Start of Given data

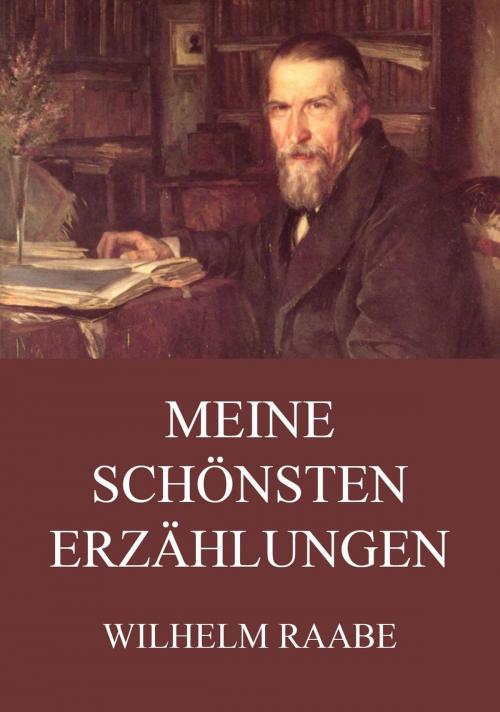 Cover of the book Meine schönsten Erzählungen by Wilhelm Raabe, Jazzybee Verlag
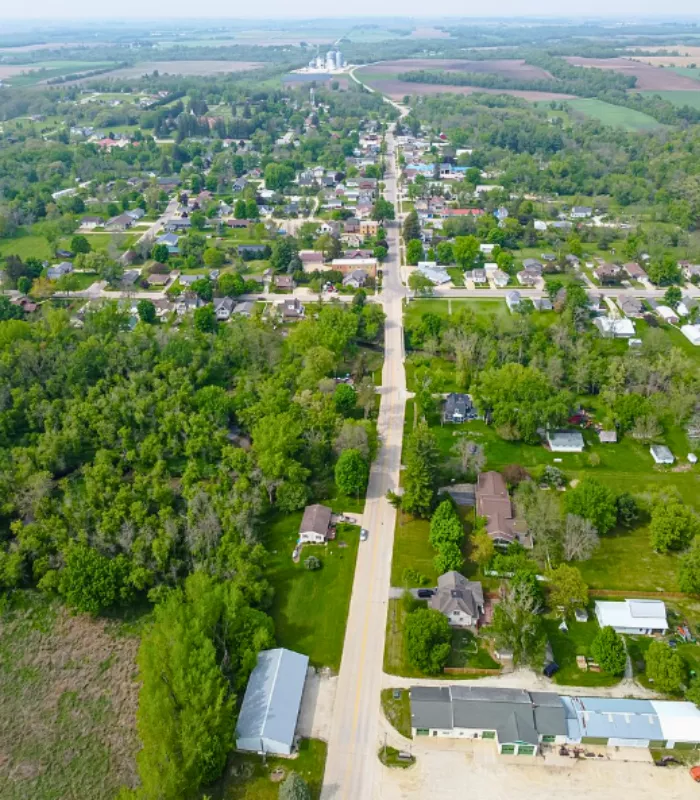 Spillville Iowa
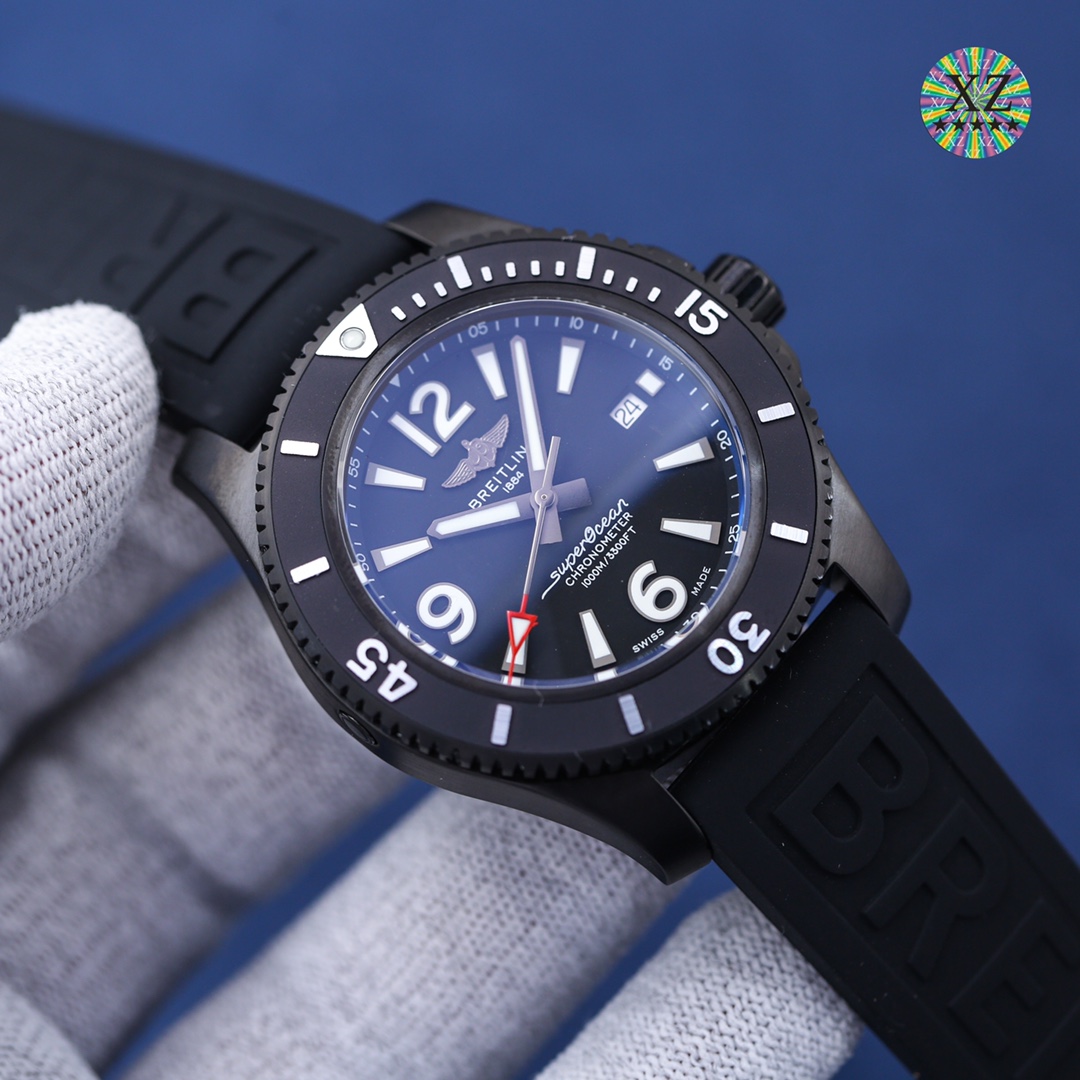 Watches BREITLING 323205 size:41 mm - vstockx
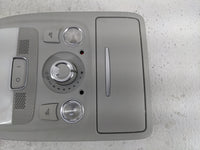 2013-2015 Audi A4 Overhead Console W/rear Climate Control Light Gray - Oemusedautoparts1.com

End of Given data

* What is being asked
Return every line shown above without changing a word, and skip the pictures.

* Reply to the task
 Cover of the book Meine schönsten Erzählungen by Wilhelm Raabe, Jazzybee Verlag
 Spillville Iowa
 Watches BREITLING 323205 size:41 mm - vstockx
 2013-2015 Audi A4 Overhead Console W/rear Climate Control Light Gray - Oemusedautoparts1.com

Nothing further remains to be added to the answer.